“Sólo perseguía ladrones, asesinos y judíos”. Eso le decían a Georg cuando era pequeño sobre qué hacía su padre, un oficial de la Gestapo.
Ha pasado mucho tiempo, así que cuando Ali Ungár golpea su puerta en el presente, buscando a su padre, Georg presiente, sabe a lo que este buen hombre, ya mayor, viene.
El intérprete es un filme sobre el Holocausto, sí, pero desde una perspectiva distinta. Trata sobre cómo las generaciones que siguieron a las víctimas y victimarios recuerdan o, mejor dicho, cómo esos hechos nefastos repercuten en sus vidas desde niños.
Ali (interpretado por Jiří Menzel, un director que supo brillar con Trenes rigurosamente vigilados y Mi dulce pueblito) está tras el rastro del padre de Georg. En verdad, quiere reconstruir el pasado de sus padres, asesinados presumiblemente por él. Georg (“no soy antisemita”, le aclara) le dice que su padre ha fallecido, y lo que surge entre ambos puede parecer curioso.
Y lo es.
Acuerdan viajar de Viena, donde Georg vive, a Eslovaquia, allí donde el jerarca nazi operó y mató durante la Segunda Guerra Mundial.
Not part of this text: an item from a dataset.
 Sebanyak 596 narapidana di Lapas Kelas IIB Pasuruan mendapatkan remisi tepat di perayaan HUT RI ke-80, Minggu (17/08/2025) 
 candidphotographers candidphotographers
Pero Ali, que es intérprete, le exige el pago de cien euros por día. “Trabajo diez horas por día, y luego quedo libre”, le dice.
Y hacia allí parten, con las cartas que el oficial escribió, e intentarán encontrar a sobrevivientes y delinear un pasado que, aunque borroso, los ha impactado por igual.
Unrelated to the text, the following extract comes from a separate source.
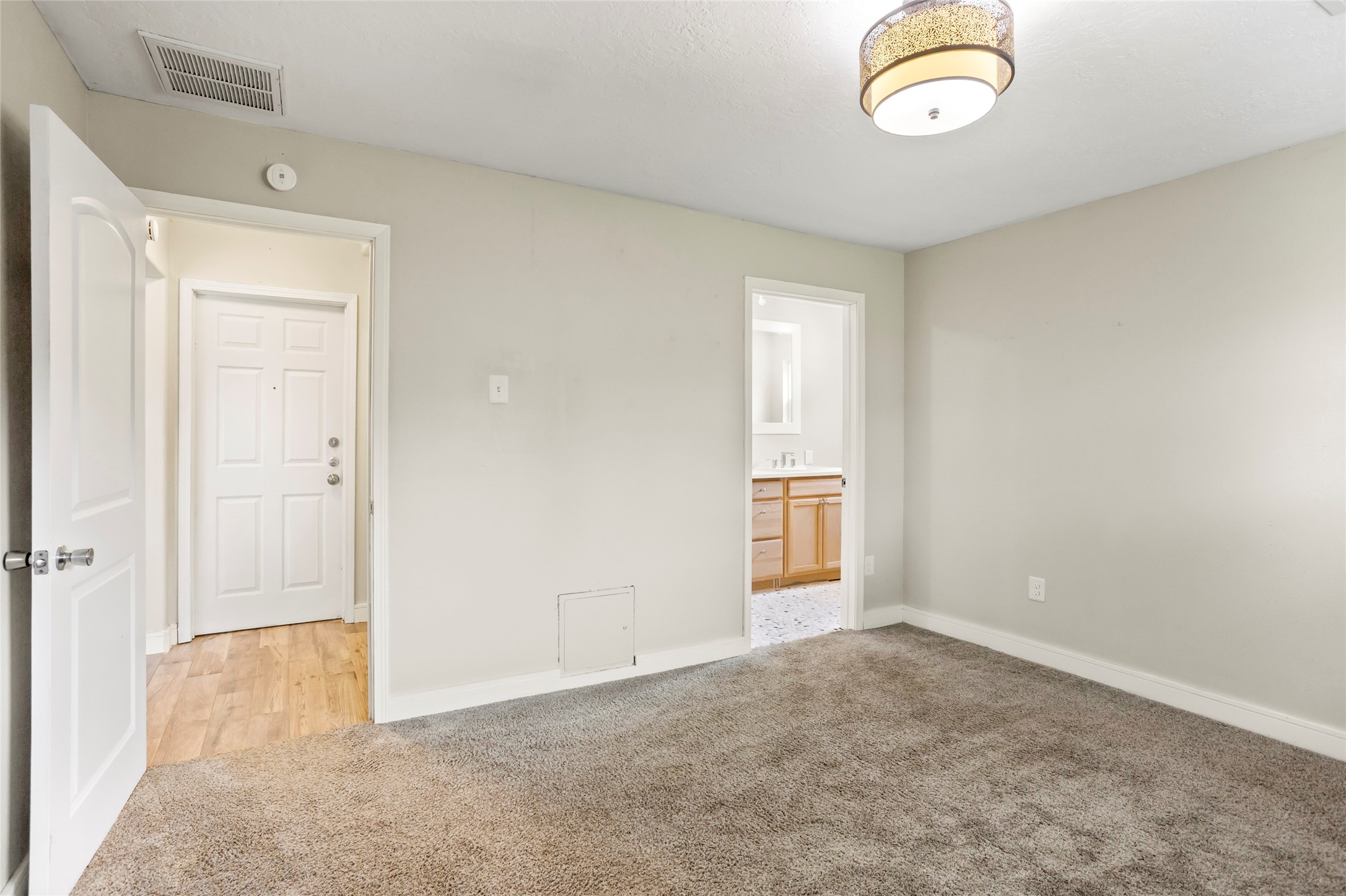 5000 Old Castle Lane Property Photo 12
El tono que maneja el director Martin Sulík no es esencialmente dramático, ya que El intérprete tiene pasos casi de comedia -los encuentros con un par de mujeres jóvenes, masajistas; otro en un bar del hotel, durante una boda-. No es que se minimice o empequeñece el drama o el sentido del filme, sino que a través de ciertos momentos como de relax se permite aflojar las tensiones.
Se supone que ese viaje va a iluminar, o al menos poner bajo la luz varios secretos que se han mantenido en la oscuridad.
¿Puede forjarse una amistad entre el hijo de un asesino y el hijo de aquellos a los que masacró?
Peter Simonischek, el actor austríaco que protagonizó esa maravilla que se llamó Toni Erdmann, de Maren Ade, compone a Georg hasta con candidez. La vuelta de tuerca del final no desconcierta, pero abre nuevas interpretaciones a todo lo que se ha visto en esta buena realización, que es más conciliadora que muchas sobre los efectos actuales de lo que se padeció en la Segunda Guerra Mundial.